-- RECORDS FOR THE EXERCISE follows --

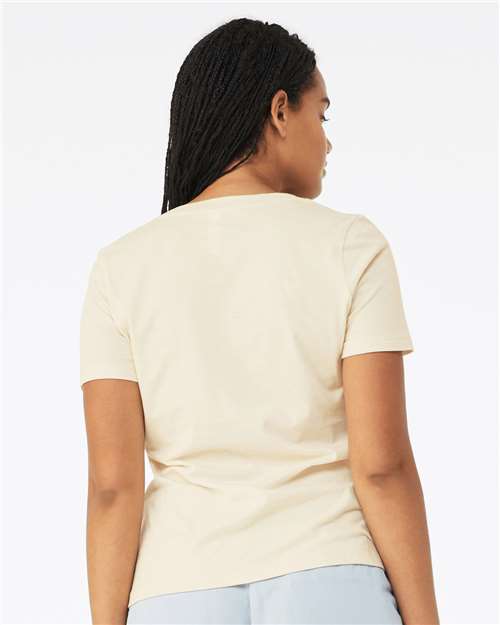 BELLA + CANVAS Women’s Relaxed Jersey V-Neck Tee 6405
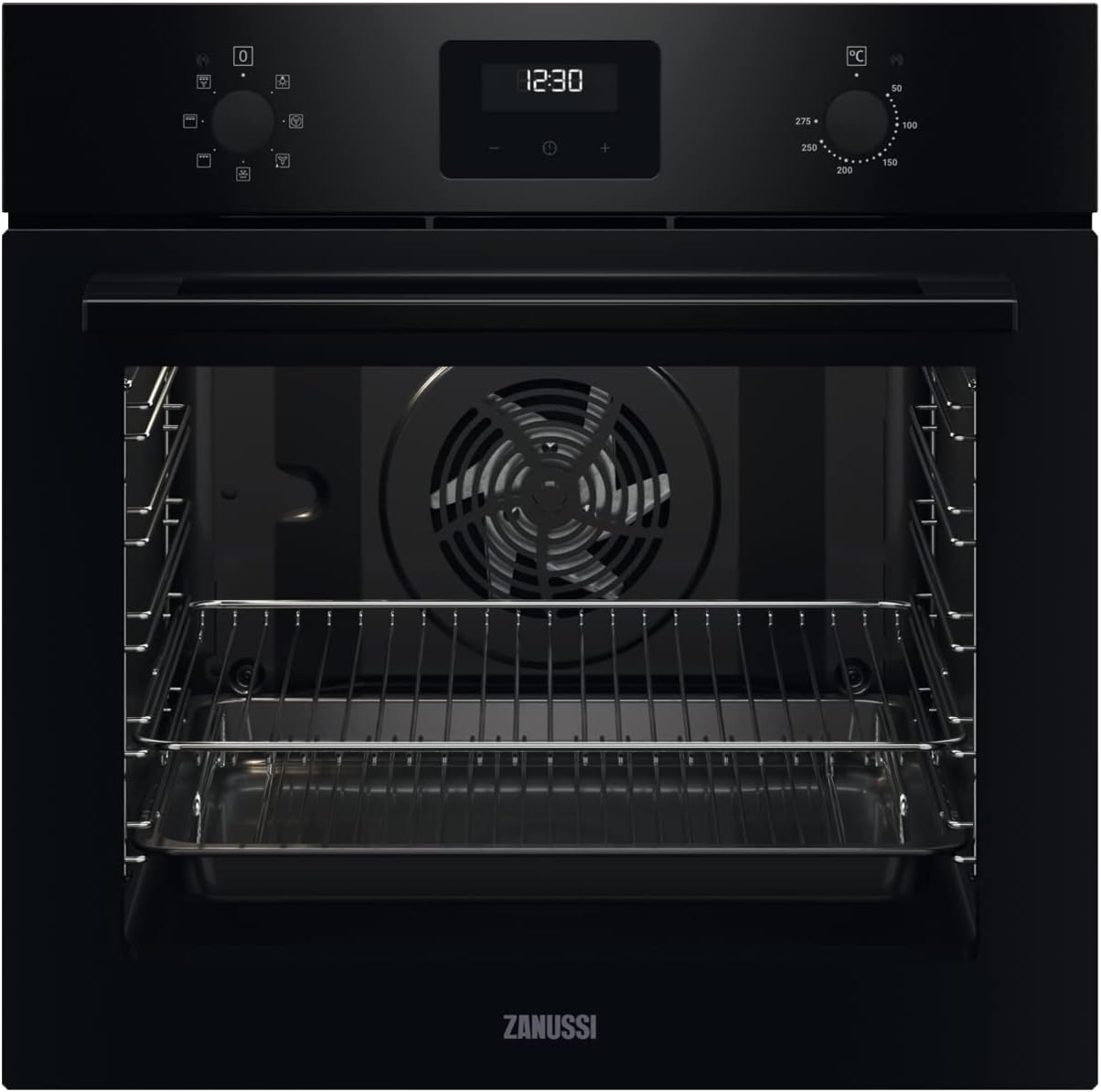 Zanussi Series 20 Electric Fan Oven - Black - Amazing Gadgets Outlet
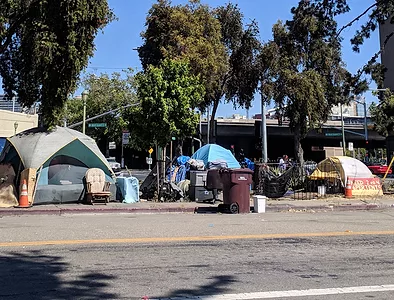Homeless encampment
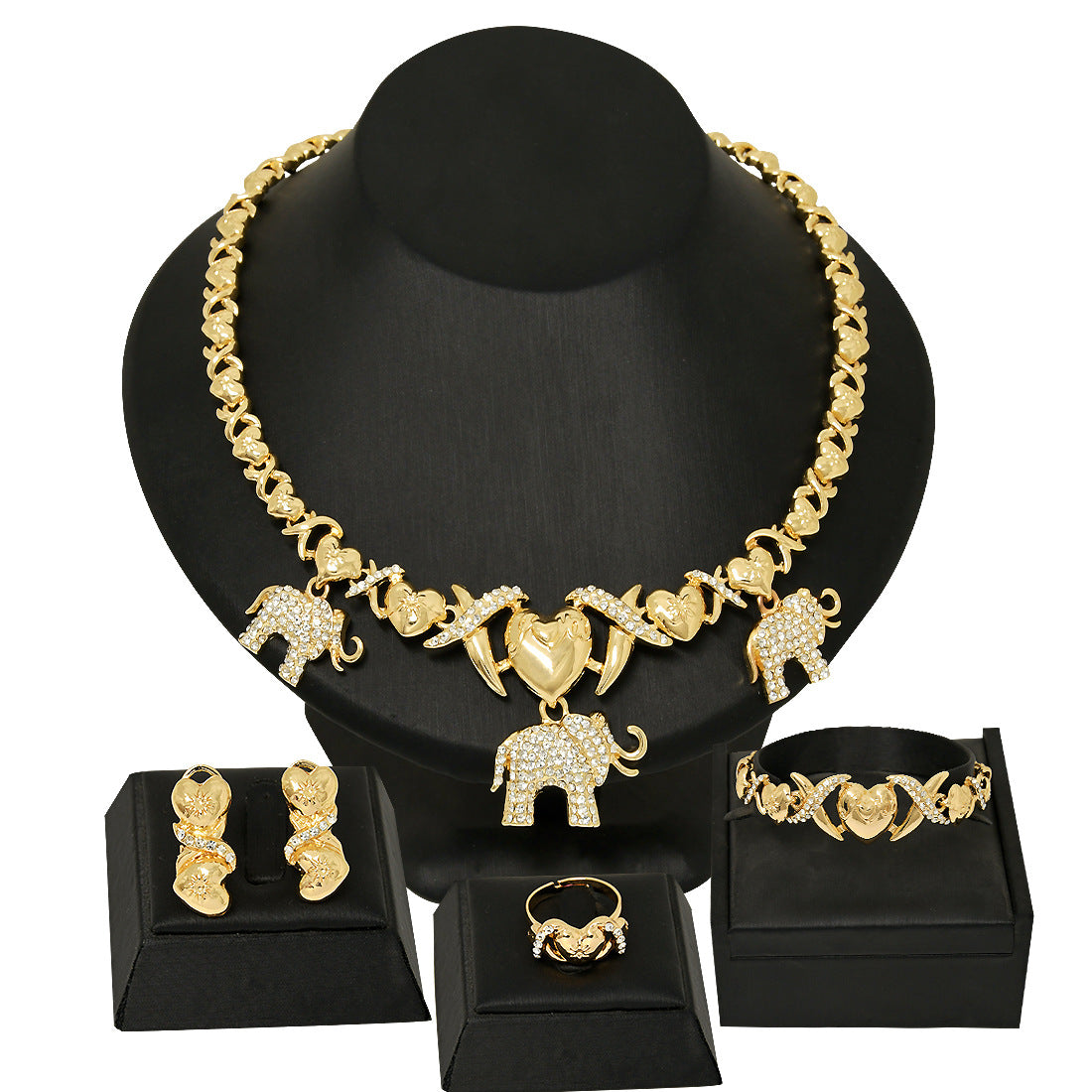 Classic XO Jewelry Four-piece Set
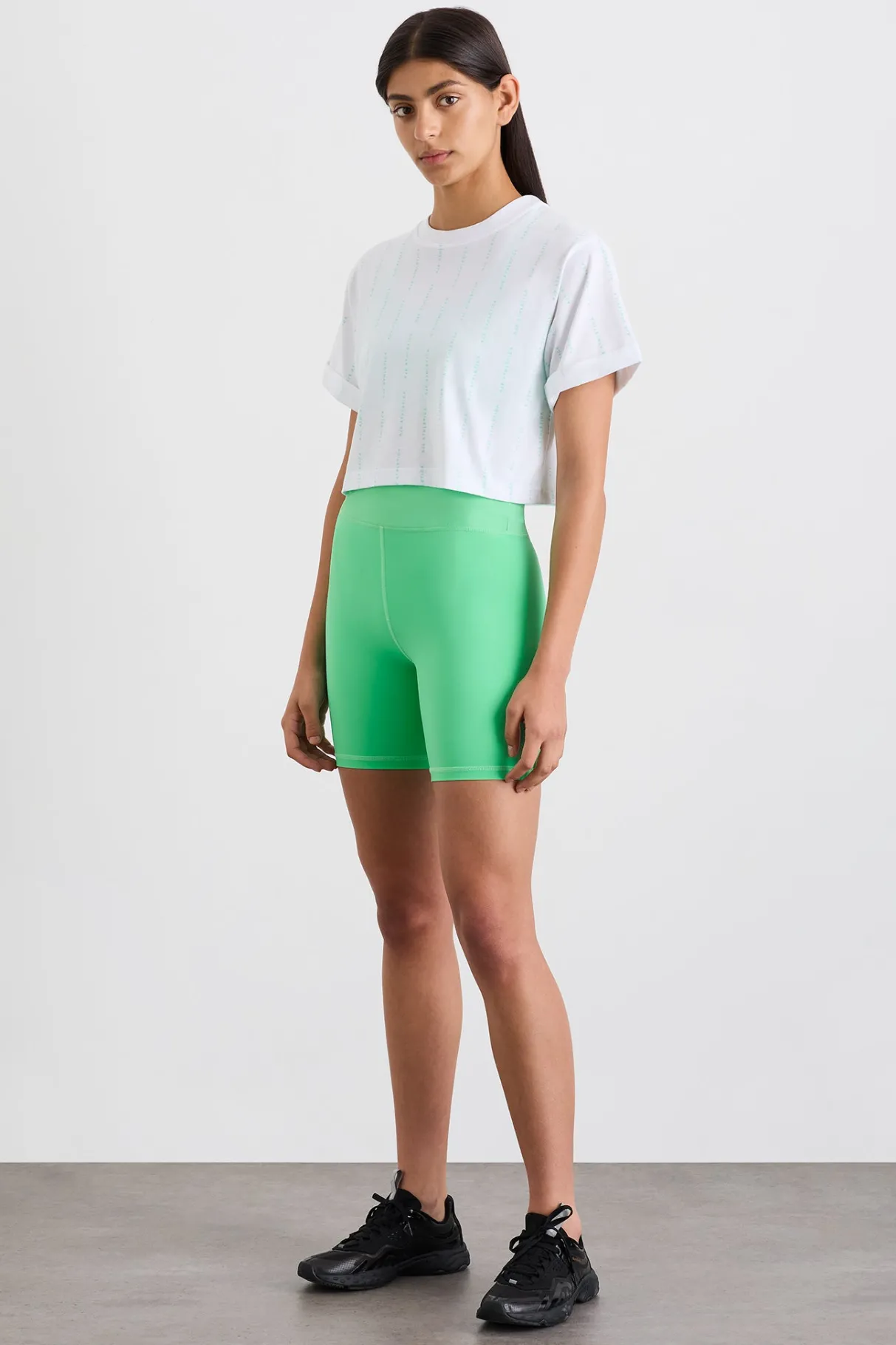 pinstripe_crop_tee__2-1.webp Store Aje ATHLETICA Pinstripe Crop Tee 105 White Marine Green
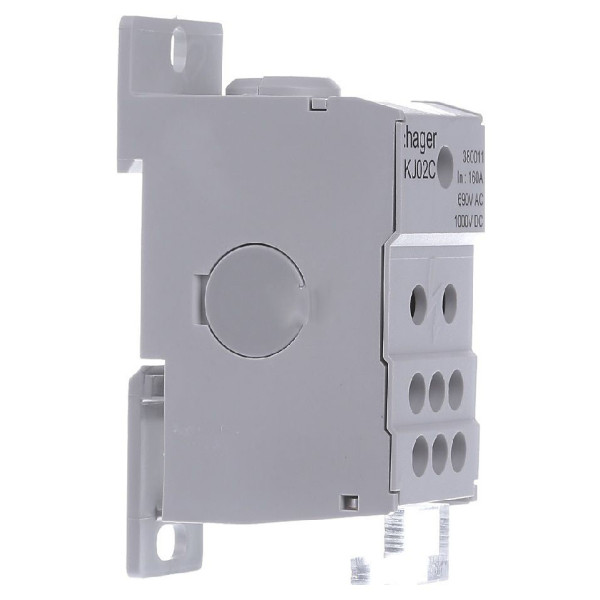 Блок розгалужувальний Hager 160A (вхід 1х70мм2; вихід 6х16мм2) - фото №2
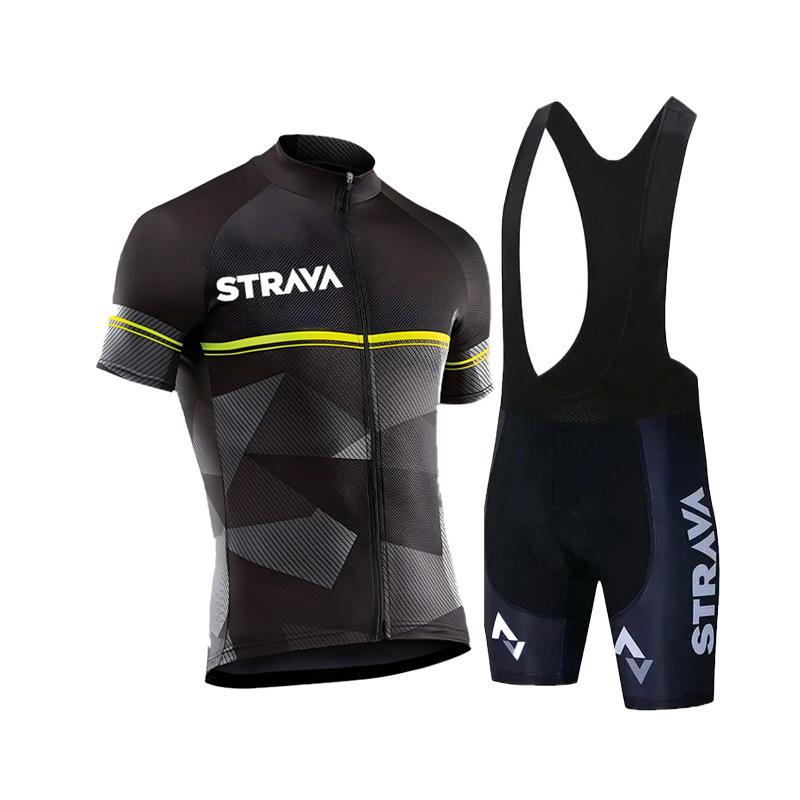 Bicycle Cycling Suit Short-sleeved Suit Men's Spring Summer Road Cycling Suit Quick-drying Breathable Mountain Bike Cycling Suit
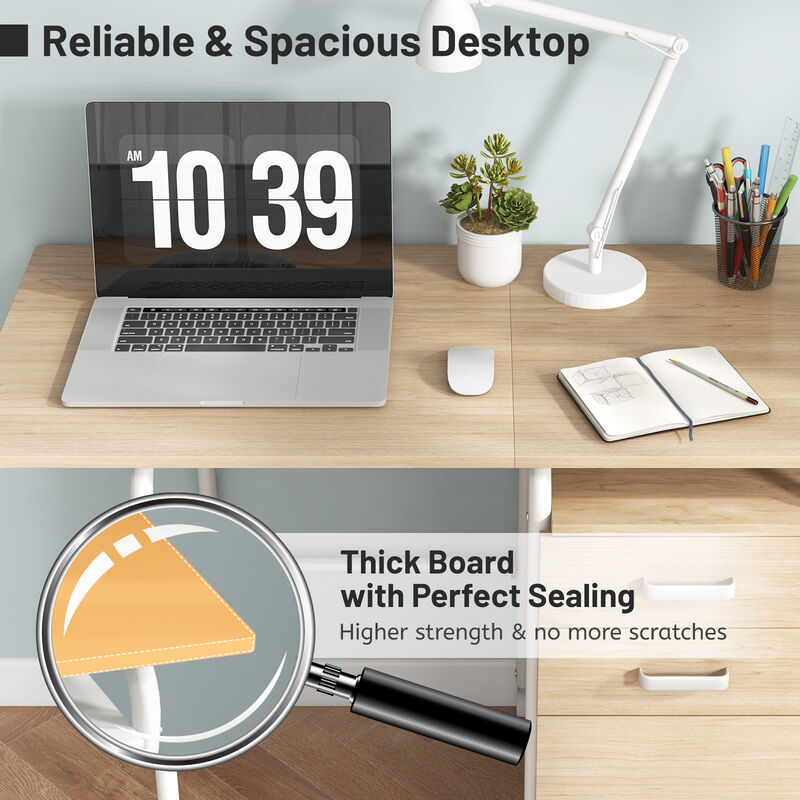 Folding Computer Laptop Desk Wheeled Home Office Furniture image number 6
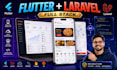build flutter app with laravel API backend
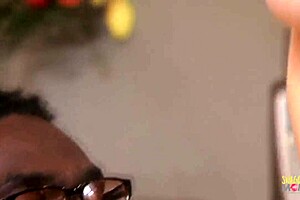 the driver sneaks in to pound the skinny milf's tight holes with his massive bbc. he drills her doggystyle before the family returns home.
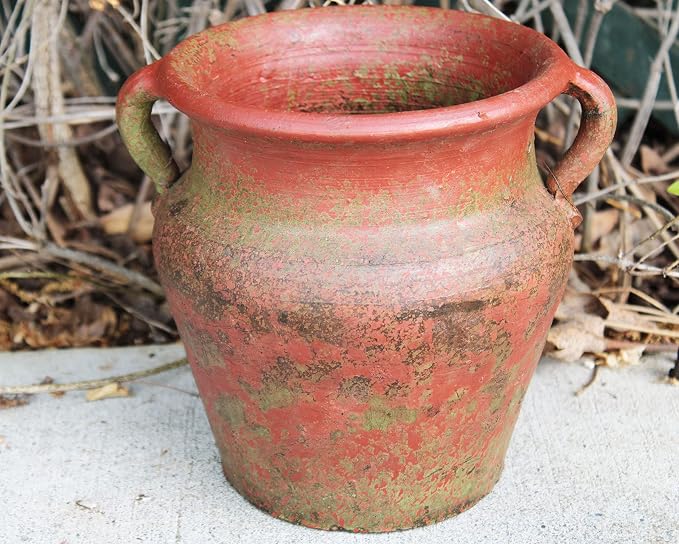 Egyptian Era Designed Earthen Ware Terra-Cotta Vessel/Planter - Image 3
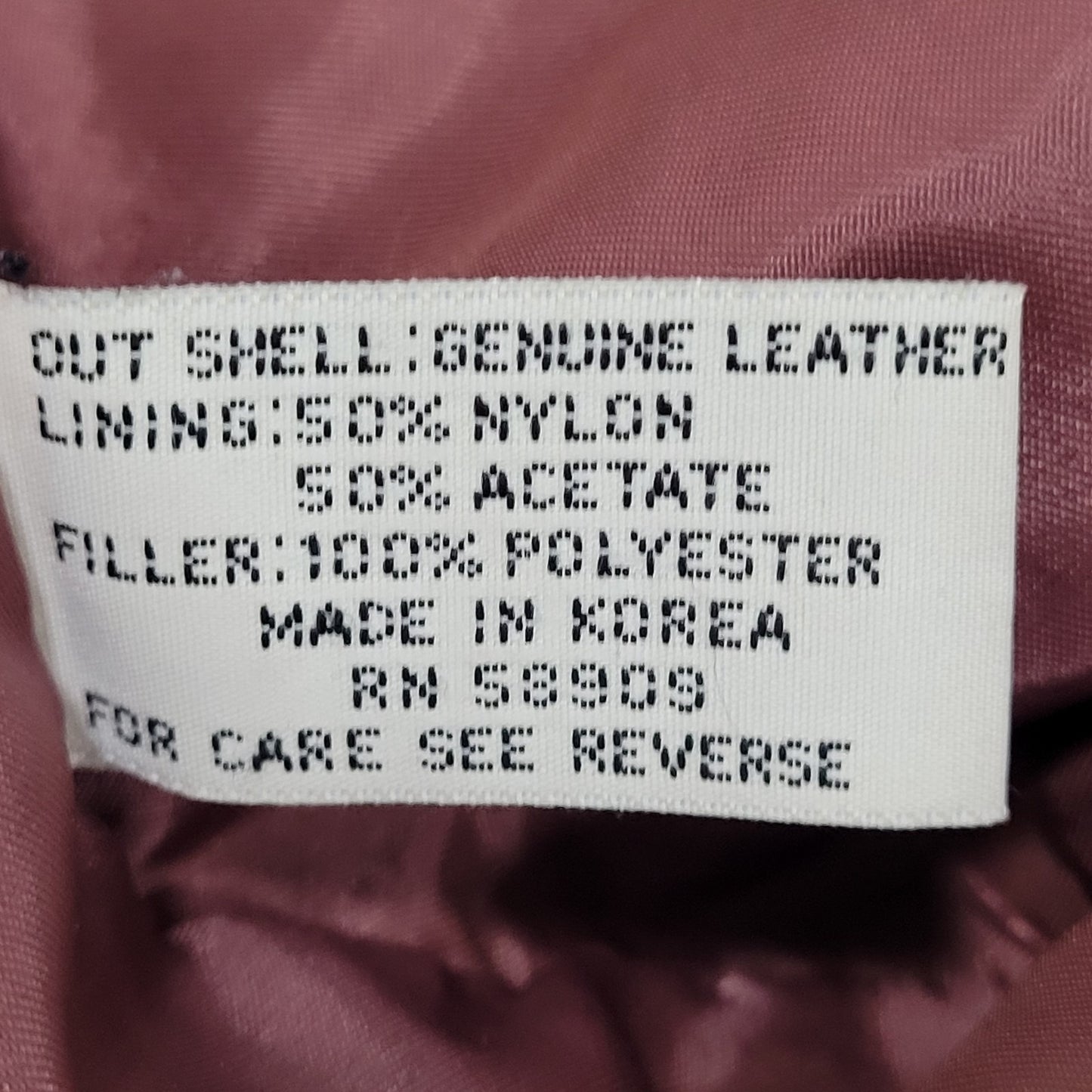 VTG Preston & York Red Genuine Suede Houndstooth Hooded Zip Jacket Large *zipper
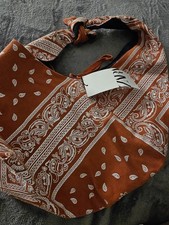 Zara Fabric Bandana Orange/red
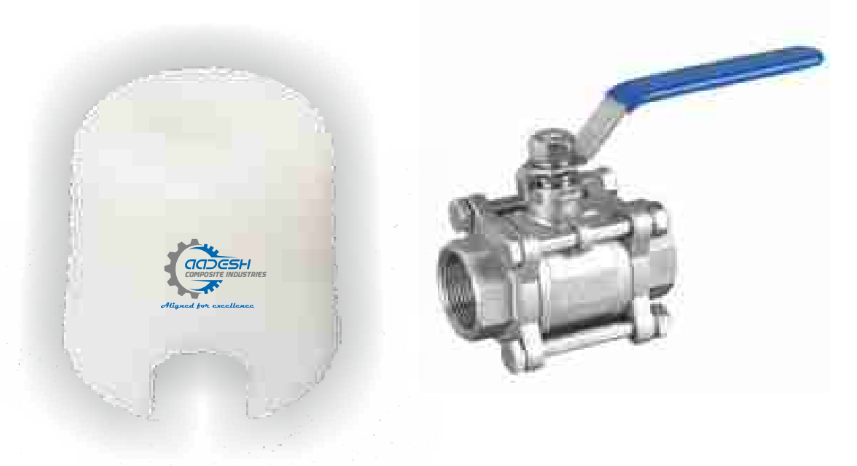 Resin Inlet Port & Vacuum Ball Valve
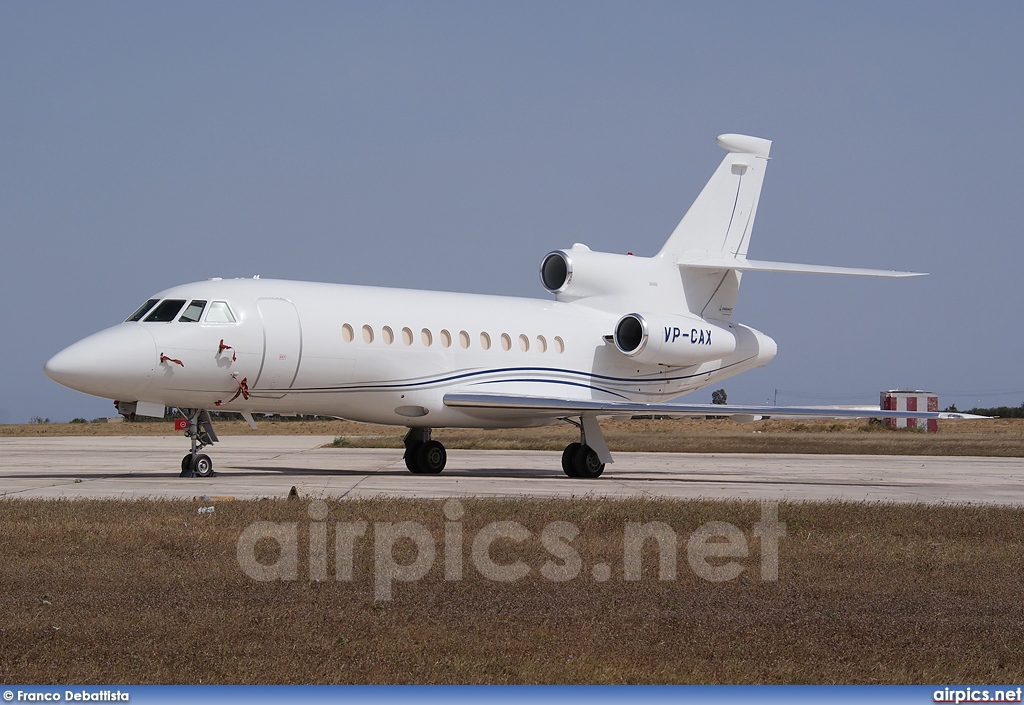 VP-CAX, Dassault Falcon-900, Private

-- RECORDS FOR THE EXERCISE concluded --

■ WHAT THE EXERCISE ASKS: Restate, word for word, each line from the line containing "Zara Fabric Bandana Orange/red" through the end of the entries above; the pictures are not part of the copy.

■ COMPLETED EXERCISE:
 Zara Fabric Bandana Orange/red
 Resin Inlet Port & Vacuum Ball Valve
 VP-CAX, Dassault Falcon-900, Private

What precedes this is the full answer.